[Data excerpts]
%%

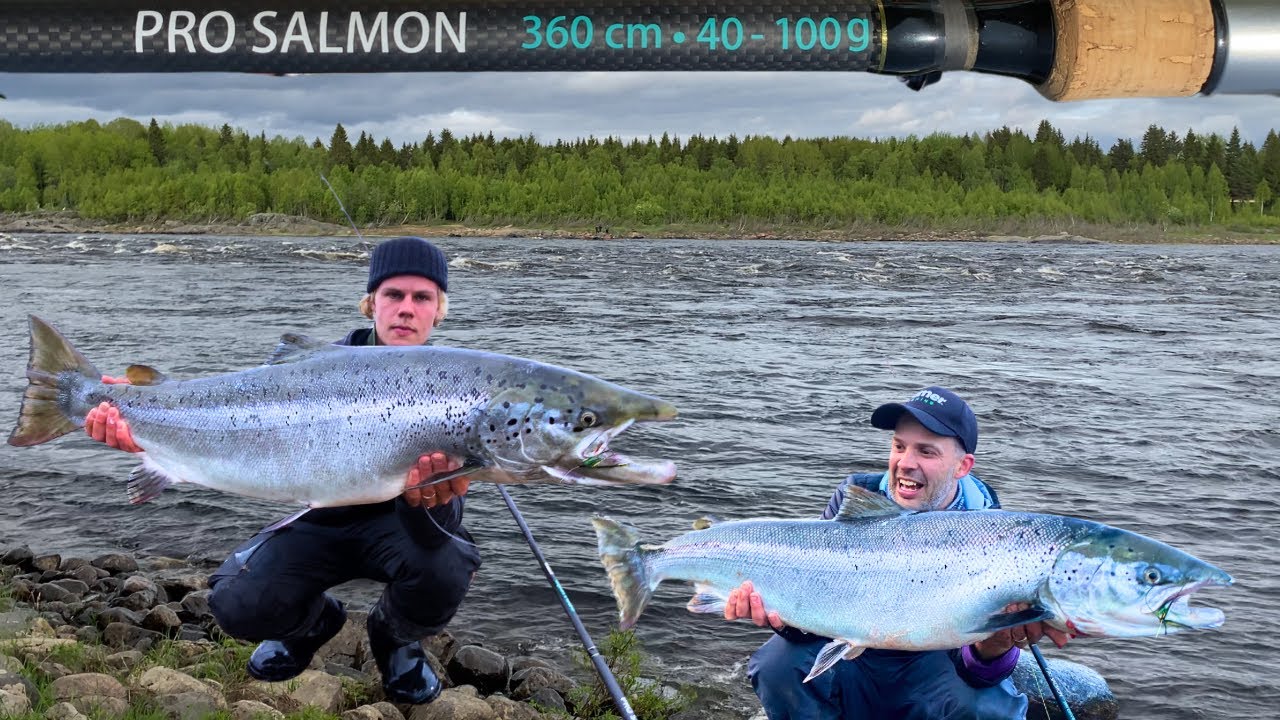 Viileä Vesi Toi Lohet Rantaan - Tätä On Lohenkalastus - Tornionjoki - Spinfluga - Punttikalastus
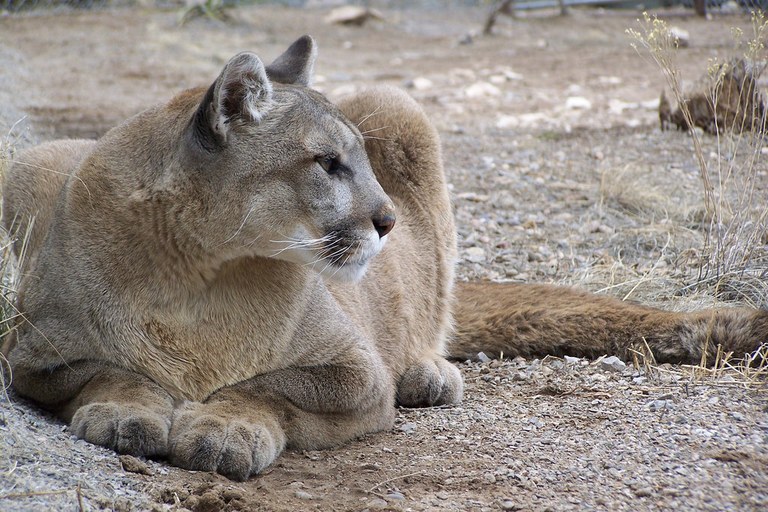 Cougar by April McQuerry.jpg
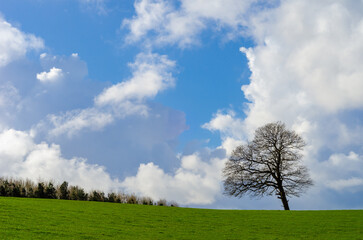 Fototapeta na wymiar Lone tree isolated against sky in green field with copy space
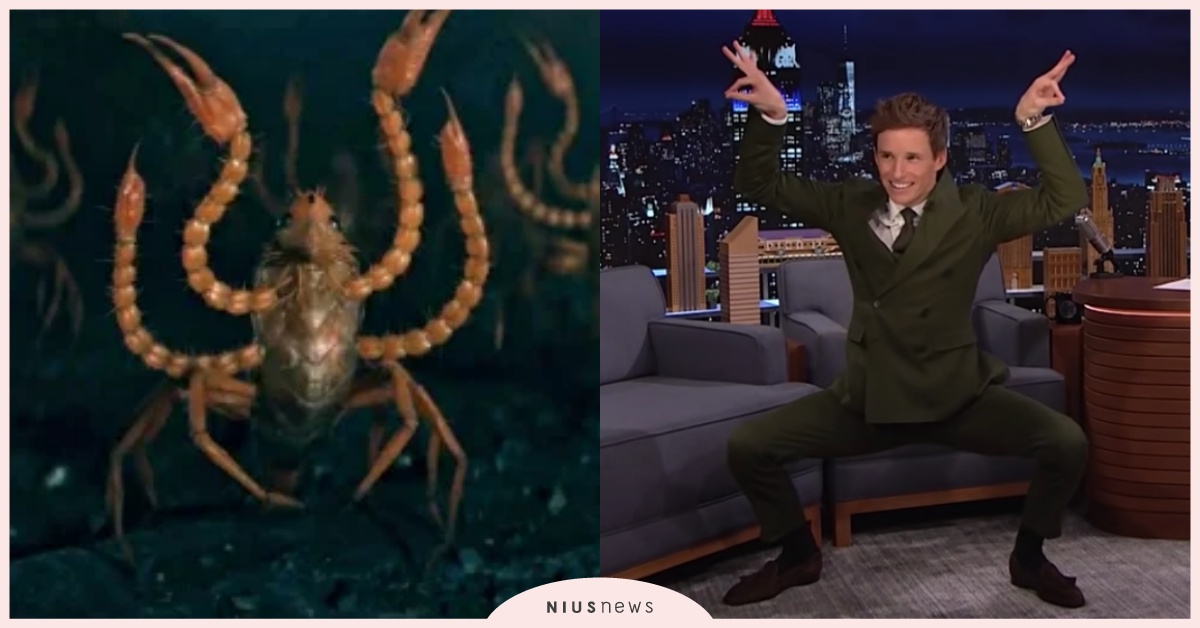 直接神還原！《怪獸與鄧不利多的秘密》紐特變身「人面蠍尾獅」，扭臀螃蟹步笑翻全網！ 怪獸與鄧不利多的秘密、艾迪瑞德曼、紐特、人面蠍尾獅、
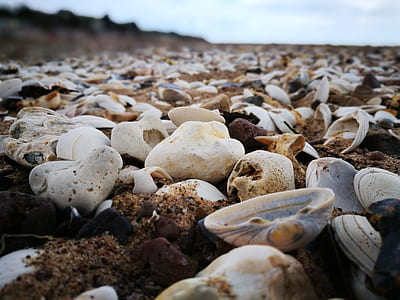 Seashell And White Stones On Seashore thumbnail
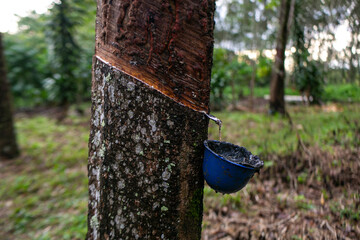 bokeh photo The sap from a rubber tree is being tapped using a container and collected every day as...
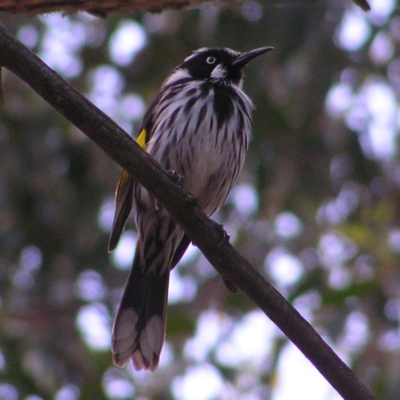 Phylidonyris novaehollandiae (New Holland Honeyeater) at Acton, ACT - 11 Oct 2017 by MatthewFrawley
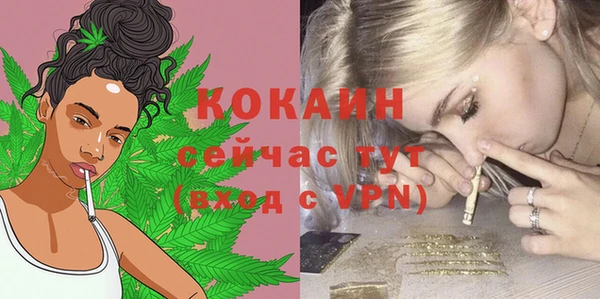 винт Липки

%%

Work task >>
Please copy exactly the lines from the one containing "Seashell And White" through the last line of the records above, both included, and leave out any pictures.

Answer to the exercise >>
 Seashell And White Stones On Seashore thumbnail
 bokeh photo The sap from a rubber tree is being tapped using a container and collected every day as...
 Phylidonyris novaehollandiae (New Holland Honeyeater) at Acton, ACT - 11 Oct 2017 by MatthewFrawley
 винт Липки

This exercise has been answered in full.